Check? What are they going to check? It takes moving the entire file again to align it. VMFS is a distributed locking new-era filesystem that is 100% totally proprietary. Just because there happens to be a linux VM that can mount it, doesn't mean that you can just move things around on it without using VMware's tools and expect it to just magically work! :p It expects that you're going to use the tools designed for it, NOT the tools designed for EXT3! They exist! Vmkfstools - give it a shot in the COS VM sometime. It's there for a reason :)

I do agree - VCB + 3.0.X is gonna be a whiskey and vodka event, but I don't think we have a choice. Poor Mans' vcb won't work for the same reason. I also agree that a guest level backup might be the easiest, as sad as it is.

VCB - it can dump it anywhere, pretty much, as long as the windows proxy can see it. It doesn't care if it's on a SAN, network share, or local disk - as long as it can keep up. Anything but another VMFS volume. And it spits out 2gb sparse normal files. :)
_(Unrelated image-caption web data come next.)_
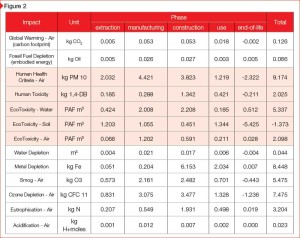 The impact table from this environmental product declaration (EPD) shows results from the LCA of fly-ash brick. The white items are categories required by International Organization for Standardization (ISO), while the highlighted categories are additional categories required by the specific product category rule (PCR) used.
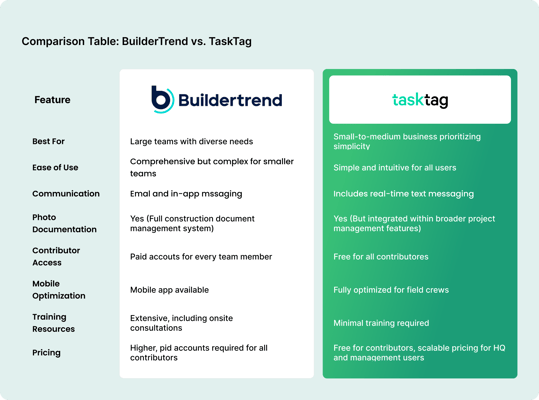 TaskTag vs Buildertrend comparison
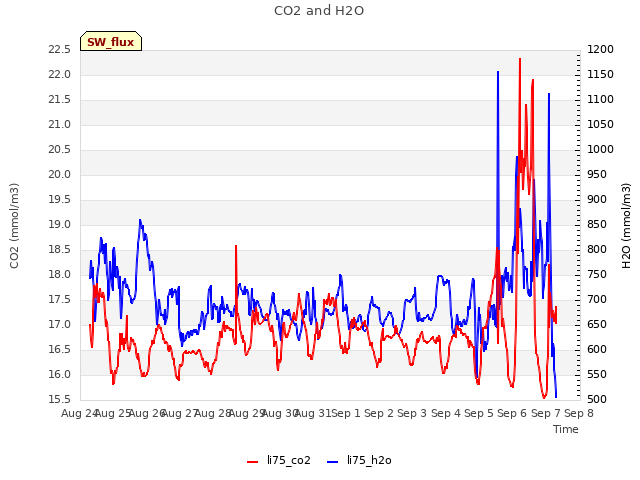 plot of CO2 and H2O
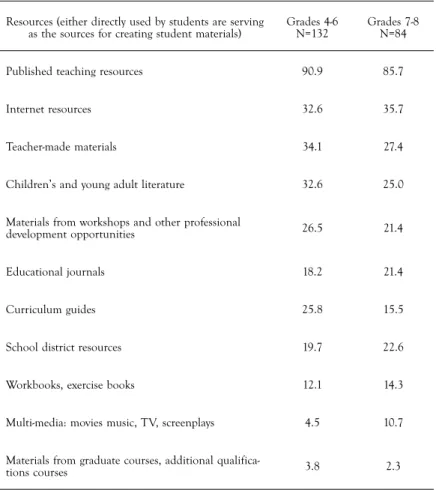 tABle 4.  Resources used to teach writing (%)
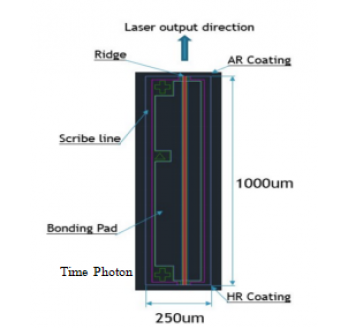 1310nm 90mw CW DFB Laser Chip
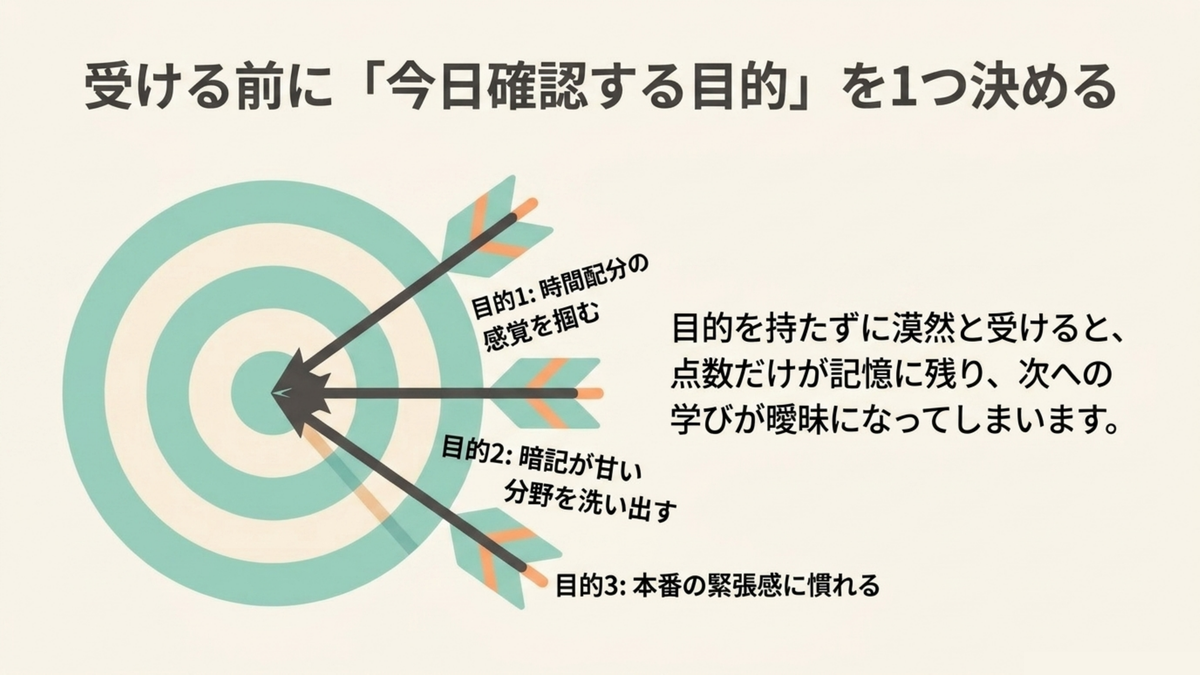 社労士模試を受ける前に時間配分の感覚を掴む・暗記が甘い分野を洗い出す・本番の緊張感に慣れるという目的を1つ決めることを示す図解
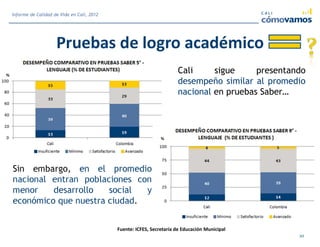 Pruebas de logro académico
Sin embargo, en el promedio
nacional entran poblaciones con
menor desarrollo social y
económico que nuestra ciudad.
Fuente: ICFES, Secretaría de Educación Municipal
10
Informe de Calidad de Vida en Cali, 2012
Cali sigue presentando
desempeño similar al promedio
nacional en pruebas Saber…
 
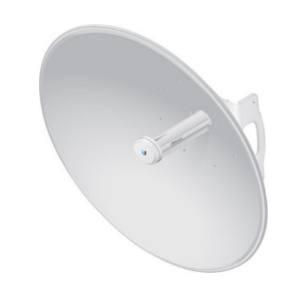 Κεραίες WiFi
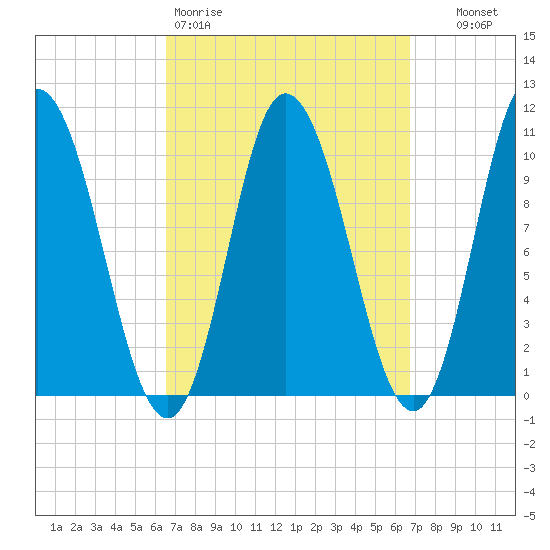 Millbridge tide chart for Friday, March 20, 2026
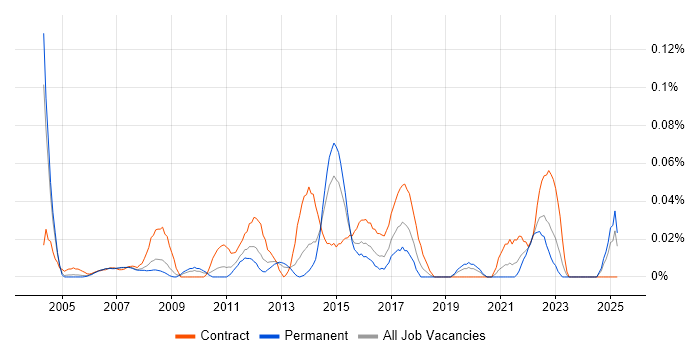 Job vacancy trend for Executive Assistant in the Thames Valley Job vacancy trend for Executive Assistant in the Thames Valley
You dont' ever want to use VCB to restore. VCBrestore sucks more donkeyballs than a pre-4 firmware MSA. You use converter to restore :) And converter eats just about anything you want it too.
 
backing up images at guest level and restoring it to a golden image sounds plausible but very grueling.

If I am able to find someone who knows solaris, but not esx how would that work out?
 
i was just notified that we have the license for netbackup 6.5 if that helps

Ok, question 2 - do you have licensing for the fully-integrated VMWare module? If not, that's ok - we can make that work too. If you do, fire it up!
 
fully integrated VMWare module??? Well i Just found out we have the license for VMWare VSphere and to upgrade to esx 4.0.
 
woot!

NB 6.5 and BE 12.5 and Commvault whatever.hellifIknow have built in modules that communicate straight with the hosts/VC. If not, you have to build a config.js file and use the pre-command.wsf and post-command.wsf files. :) If you have it, woot. If not, more-subdued-woot.
 
Yeah, but that's part of our problem here, Iopoetve.
NotBackup 6.5 licensing is an unholy nightmare. It's virtual terabytes plus features plus integration modules. The only "freebie" is their less than worthless BMR. That's also only getting us to 6.5; we need to be at 6.5.2a or better.
That also means we'll lose all functionality of any prior backups - they will NOT BE ABLE TO BE RESTORED. This is another known issue with 6.5.x that Symantec has as of yet not bothered to address. I cannot emphasize enough that NotBackup is EXTREMELY risky, proven to be dangerous, and should NOT be used for ANY mission critical needs EVER.

However, life gets easier. If we've got 2GB sparse files out of VCB, all we need to do is dump them to an NFS share on the Solaris box. From there? Screw it.
It's 2GB sparse files. We dump 'em with tar. NotBackup isn't worth the risk.
 
As long as it'll talk with VCB, that's all they need - it just does copies for VCB backups.